While web chat, social media and other forms of digital communications are becoming more prominent ways to converse with customers, many still prefer to pick up the phone and speak to a person to get a quick and quality response.
In fact, according to the latest Invoca Call Intelligence Index, which analysed over 50 million phone calls, 65% of people would rather contact a business by phone compared with only 24% who would opt for an online form.
As a business, you still need to take into consideration consumers such as these, who want to contact you – albeit the traditional way, just as much as those who interact with you through the internet or mobile devices every day.
And, despite the shift towards mobiles devices being replaced over fixed lines, traditional landline phone systems are still very common among businesses.
Why? Mainly because of its undeniable reliability. Much like a home phone line, business landlines deliver a clearer voice quality and higher consistency to meet the demands of business use.
Before you decide to hang up the line for good, let’s take a look at some of the features of a business phone line, which a GSM (mobile) network does not provide.
Effective call traffic management
A business landline can manage incoming call traffic quickly and effectively. From features such as transferring calls to other people, call forwarding, automatic call routing and three way calling, your business can communicate seamlessly like a well-oiled machine.
With a business landline you can get access to daily or monthly call statistics with ease, helping you to monitor staff performance, optimise your customer service standards and improve productivity. You’ll gain insights into things such as the number of calls received and missed, time taken to answer calls,identify peaks in call traffic and much more.
Helpful IVR (Auto attendant)
Say hello to your virtual receptionist! Interactive Voice Response (IVR), is a simple way to direct inbound calls to the most appropriate staff member. The customer’s call is answered via an automated self-service menu that the customer responds to using their touchpad or voice activation. Based on their choice, the call gets put through to the right extension.
This is great for small businesses who want to come across bigger and more professional. You may be a one man band, but the customer doesn’t need to know you’re the same person answering every type of enquiry.
IVR can also take any overflow calls you or your staff are unable to get to in time. Either way, having the IVR function available on your business landline makes for a very efficient and effective way to communicate with customers.

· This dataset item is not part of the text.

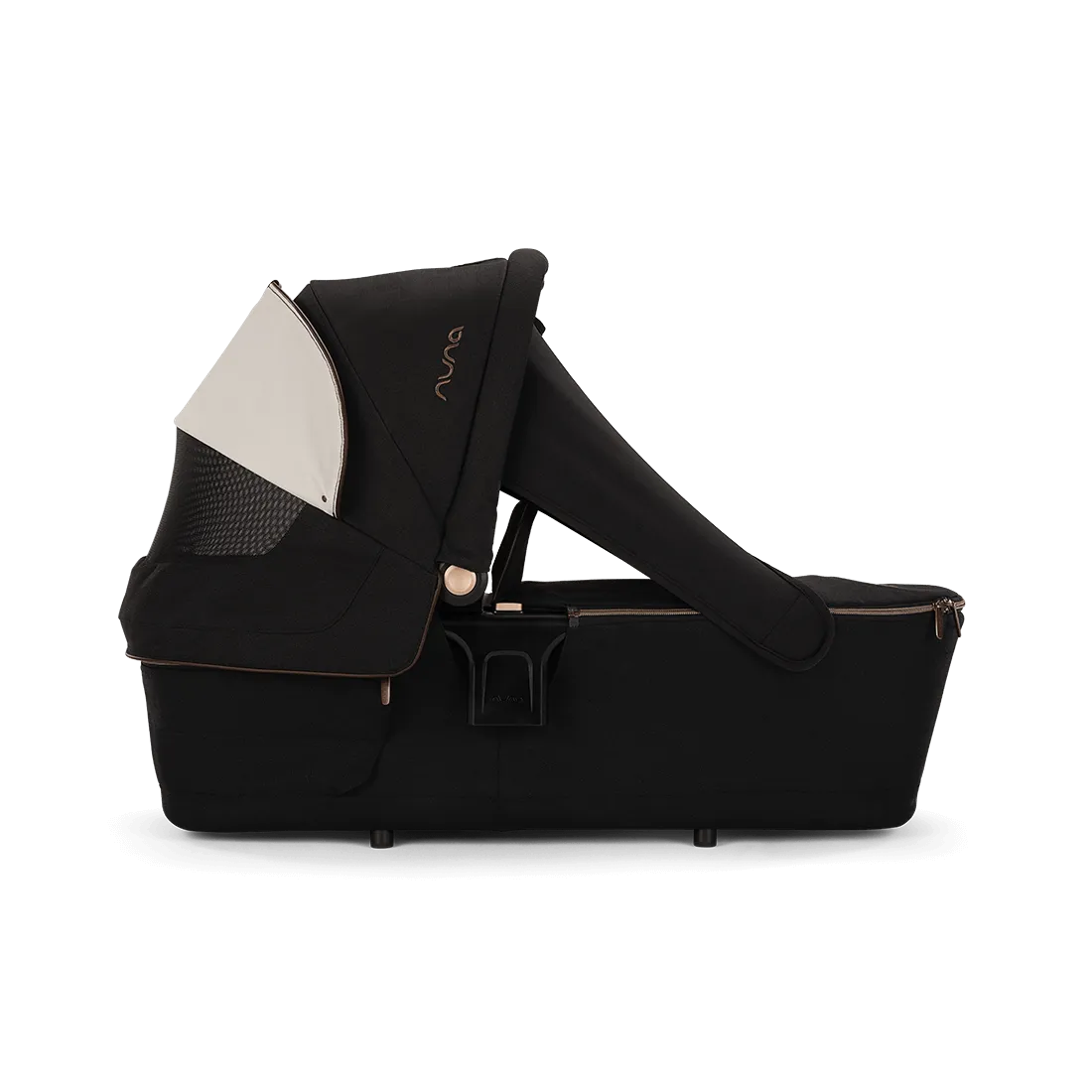 Коляска 2 в 1 Nuna IXXA NEXT, Черная (Riveted Rose) с люлькой LYTL, Черная (Riveted)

If you own or manage multi-tenanted premises, a business landline has the ability to operate a number of phone systems on the same system or hardware. Why is this important? In a serviced office environment, there could be lots of different businesses all in the same building, so imagine if they all had the same phone number?
Multi-tenancy is also cost effective because it means software development and maintenance costs can be shared.
Redundancy to the rescue
What do you do when your phone system fails and customers can’t get through to you? You have a backup plan – otherwise known as redundancy. It ensures your telephone system continues to work in the event of system failure, enabling your business to operate uninterrupted with little to no downtime, saving you from lost productivity and revenue. Something your mobile service can’t compete with when service goes down.
Effective line hunting
Also referred to as hunt group or rotary lines, this essentially means your business landline has the ability to distribute calls from a single telephone number to a group of phone lines based on pre-determined algorithms you set.
When a call is transferred, it will ring to the appropriate extensions to ensure the customer is connected to the next available operator. For example, if one line is busy it will move along to the next line in the list, and continue to transfer the call down the line until it is received. It can also divert to a voicemail box if no one is able to answer at the time.
When it comes to business, perception is everything. Much like a business without their own domain (such as email@example.com), a business that uses mobile to communicate tends to get branded as small and not established, whereas a business landline number shows you are grounded and available.
Whether you’re a startup, small business or a large corporation, there is still value to holding onto the trusty landline. So, make sure you give real thought about holding onto or adding a business landline to your office, before you give up on the idea completely.